In order to apply for one of these special grouples do you need experince in the combat arms trade? You might be saying "well obviously" but hear me out. I'm looking to going into Combat Engineer and after about 2-5 years of service I would like to try Special forces. DO they accept the combat engineer personal or only combat arms trade people like Infantry?


----------



## MikeL (4 Oct 2012)

ANY trade... I say again ANY trade can try out to be a JTF2 Assaulter or CSOR Operator..   As well Combat Arms pers can try out to be a Supporter in those units as well.


Also.. Combat Engineer is a Combat Arms trade..

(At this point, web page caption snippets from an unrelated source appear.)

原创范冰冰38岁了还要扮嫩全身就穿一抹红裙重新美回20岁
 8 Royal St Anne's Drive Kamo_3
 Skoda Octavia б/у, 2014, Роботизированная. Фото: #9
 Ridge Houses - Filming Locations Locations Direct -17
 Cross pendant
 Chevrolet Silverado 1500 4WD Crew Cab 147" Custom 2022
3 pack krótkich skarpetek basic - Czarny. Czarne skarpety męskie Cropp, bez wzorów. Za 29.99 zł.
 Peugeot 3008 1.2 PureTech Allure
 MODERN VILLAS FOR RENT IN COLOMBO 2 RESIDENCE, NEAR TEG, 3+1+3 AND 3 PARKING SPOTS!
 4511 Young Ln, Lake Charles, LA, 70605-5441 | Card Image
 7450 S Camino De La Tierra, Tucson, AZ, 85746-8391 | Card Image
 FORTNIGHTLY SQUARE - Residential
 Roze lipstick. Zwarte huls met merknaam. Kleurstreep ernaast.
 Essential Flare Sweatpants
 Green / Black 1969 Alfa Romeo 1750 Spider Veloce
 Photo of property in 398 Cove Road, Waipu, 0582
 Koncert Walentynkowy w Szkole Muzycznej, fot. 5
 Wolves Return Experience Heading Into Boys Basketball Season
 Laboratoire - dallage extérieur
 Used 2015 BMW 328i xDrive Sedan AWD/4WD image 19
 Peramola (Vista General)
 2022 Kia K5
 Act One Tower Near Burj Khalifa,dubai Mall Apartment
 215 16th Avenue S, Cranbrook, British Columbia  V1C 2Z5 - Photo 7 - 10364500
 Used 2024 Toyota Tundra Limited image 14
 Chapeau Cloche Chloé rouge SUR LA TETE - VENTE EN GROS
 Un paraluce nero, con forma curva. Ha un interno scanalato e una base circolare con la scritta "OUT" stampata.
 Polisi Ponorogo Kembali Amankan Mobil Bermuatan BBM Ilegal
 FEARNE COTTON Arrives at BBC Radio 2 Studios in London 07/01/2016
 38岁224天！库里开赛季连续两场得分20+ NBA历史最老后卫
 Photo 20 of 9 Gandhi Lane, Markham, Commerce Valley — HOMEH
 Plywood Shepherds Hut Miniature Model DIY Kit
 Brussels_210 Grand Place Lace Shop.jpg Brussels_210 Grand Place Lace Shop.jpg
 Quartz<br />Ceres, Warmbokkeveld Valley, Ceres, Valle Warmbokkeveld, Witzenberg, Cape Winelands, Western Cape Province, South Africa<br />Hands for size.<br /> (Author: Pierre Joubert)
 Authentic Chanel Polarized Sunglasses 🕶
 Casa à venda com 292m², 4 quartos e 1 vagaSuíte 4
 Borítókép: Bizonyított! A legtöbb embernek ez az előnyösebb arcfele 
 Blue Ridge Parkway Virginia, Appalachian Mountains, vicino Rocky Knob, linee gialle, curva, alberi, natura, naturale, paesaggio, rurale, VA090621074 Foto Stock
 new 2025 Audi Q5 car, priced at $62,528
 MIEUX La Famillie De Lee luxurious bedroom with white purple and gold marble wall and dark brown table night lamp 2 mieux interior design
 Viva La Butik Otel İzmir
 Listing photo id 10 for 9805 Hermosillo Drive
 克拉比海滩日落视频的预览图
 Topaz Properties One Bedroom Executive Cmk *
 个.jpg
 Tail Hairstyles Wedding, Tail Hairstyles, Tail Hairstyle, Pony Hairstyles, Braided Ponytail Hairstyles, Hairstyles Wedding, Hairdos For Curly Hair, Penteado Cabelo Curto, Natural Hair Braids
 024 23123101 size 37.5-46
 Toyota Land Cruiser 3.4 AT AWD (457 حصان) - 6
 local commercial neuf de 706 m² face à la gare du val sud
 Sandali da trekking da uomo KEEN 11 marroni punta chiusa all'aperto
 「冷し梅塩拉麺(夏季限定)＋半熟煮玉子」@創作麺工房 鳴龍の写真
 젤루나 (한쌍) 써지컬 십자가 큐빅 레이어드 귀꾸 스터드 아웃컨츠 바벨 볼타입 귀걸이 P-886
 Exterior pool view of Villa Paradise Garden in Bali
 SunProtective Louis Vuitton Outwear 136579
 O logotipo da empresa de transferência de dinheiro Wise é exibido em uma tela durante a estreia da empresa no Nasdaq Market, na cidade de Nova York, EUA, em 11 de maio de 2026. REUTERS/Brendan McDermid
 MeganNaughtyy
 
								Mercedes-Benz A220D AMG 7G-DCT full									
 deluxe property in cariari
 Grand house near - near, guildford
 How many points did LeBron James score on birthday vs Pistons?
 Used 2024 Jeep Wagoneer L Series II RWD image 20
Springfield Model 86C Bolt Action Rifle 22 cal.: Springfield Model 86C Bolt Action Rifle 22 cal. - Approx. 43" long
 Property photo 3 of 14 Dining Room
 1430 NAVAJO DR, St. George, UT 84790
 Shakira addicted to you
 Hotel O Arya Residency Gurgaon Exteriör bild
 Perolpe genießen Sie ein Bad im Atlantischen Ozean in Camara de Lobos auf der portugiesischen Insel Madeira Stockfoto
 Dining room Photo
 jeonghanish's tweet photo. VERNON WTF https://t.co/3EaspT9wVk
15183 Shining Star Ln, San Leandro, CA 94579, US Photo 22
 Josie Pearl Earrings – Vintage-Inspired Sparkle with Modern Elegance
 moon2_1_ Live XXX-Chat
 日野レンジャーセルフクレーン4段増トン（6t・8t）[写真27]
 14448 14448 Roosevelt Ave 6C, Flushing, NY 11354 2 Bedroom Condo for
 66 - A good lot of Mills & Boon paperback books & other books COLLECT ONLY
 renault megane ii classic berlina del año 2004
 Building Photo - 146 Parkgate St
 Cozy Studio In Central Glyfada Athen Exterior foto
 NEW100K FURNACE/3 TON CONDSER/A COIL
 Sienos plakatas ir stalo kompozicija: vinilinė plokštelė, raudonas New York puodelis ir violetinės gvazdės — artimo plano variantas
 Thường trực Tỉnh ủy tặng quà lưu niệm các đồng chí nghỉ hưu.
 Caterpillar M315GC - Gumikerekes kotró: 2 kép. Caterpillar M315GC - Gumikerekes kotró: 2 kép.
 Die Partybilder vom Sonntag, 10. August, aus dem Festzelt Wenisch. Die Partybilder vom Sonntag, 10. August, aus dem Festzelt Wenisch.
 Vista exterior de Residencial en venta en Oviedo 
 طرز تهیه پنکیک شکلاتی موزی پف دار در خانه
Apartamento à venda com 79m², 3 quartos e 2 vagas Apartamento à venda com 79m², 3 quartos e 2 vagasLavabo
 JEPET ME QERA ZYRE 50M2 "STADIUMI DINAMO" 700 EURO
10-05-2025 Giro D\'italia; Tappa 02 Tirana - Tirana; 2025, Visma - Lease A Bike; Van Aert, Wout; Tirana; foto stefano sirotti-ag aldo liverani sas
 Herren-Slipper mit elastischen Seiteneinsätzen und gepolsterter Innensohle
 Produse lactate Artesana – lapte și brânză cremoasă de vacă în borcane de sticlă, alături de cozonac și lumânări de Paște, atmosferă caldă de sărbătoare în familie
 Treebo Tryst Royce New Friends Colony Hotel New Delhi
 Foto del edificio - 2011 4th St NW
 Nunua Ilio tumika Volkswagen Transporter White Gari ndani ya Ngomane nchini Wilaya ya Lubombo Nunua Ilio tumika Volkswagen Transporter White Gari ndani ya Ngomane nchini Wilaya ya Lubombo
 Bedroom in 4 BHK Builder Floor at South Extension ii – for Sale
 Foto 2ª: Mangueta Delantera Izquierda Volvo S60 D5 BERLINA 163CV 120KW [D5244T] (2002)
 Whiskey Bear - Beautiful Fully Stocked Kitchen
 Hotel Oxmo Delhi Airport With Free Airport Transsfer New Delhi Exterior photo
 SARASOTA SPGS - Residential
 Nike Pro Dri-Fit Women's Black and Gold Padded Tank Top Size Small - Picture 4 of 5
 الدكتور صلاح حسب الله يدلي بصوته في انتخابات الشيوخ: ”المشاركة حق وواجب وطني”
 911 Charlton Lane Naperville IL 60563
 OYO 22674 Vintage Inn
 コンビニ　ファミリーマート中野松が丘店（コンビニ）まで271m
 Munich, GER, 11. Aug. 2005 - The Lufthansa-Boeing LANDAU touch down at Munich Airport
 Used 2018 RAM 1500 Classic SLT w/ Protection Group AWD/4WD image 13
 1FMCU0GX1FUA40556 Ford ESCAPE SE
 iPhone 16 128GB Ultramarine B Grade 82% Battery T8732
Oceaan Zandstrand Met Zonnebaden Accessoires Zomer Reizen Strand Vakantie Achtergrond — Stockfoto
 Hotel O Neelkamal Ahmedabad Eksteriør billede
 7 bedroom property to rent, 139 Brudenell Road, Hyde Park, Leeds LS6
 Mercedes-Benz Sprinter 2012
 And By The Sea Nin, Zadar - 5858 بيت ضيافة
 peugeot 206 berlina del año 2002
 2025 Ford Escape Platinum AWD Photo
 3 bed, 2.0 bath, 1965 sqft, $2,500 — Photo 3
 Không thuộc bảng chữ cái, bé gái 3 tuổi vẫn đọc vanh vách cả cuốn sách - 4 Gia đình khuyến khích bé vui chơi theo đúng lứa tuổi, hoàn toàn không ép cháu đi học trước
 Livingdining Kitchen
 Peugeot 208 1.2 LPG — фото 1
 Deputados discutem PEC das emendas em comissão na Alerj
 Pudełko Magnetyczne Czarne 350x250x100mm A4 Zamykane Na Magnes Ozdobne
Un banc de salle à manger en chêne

If you spent 5 minutes doing your own research/searching you would have found this out.


----------



## blacktriangle (4 Oct 2012)

"Combat Engineer" 

"Combat Arms"

Think about it.


----------



## MikeL (4 Oct 2012)

I guess you forgot all about your thread from last year  :

http://forums.army.ca/forums/threads/99411/post-1018516.html#msg1018516



Looking at your posts it looks like you wanted to join the Navy.... then you were going into the Infantry Reserves.... now you want to join as a Combat Engineer..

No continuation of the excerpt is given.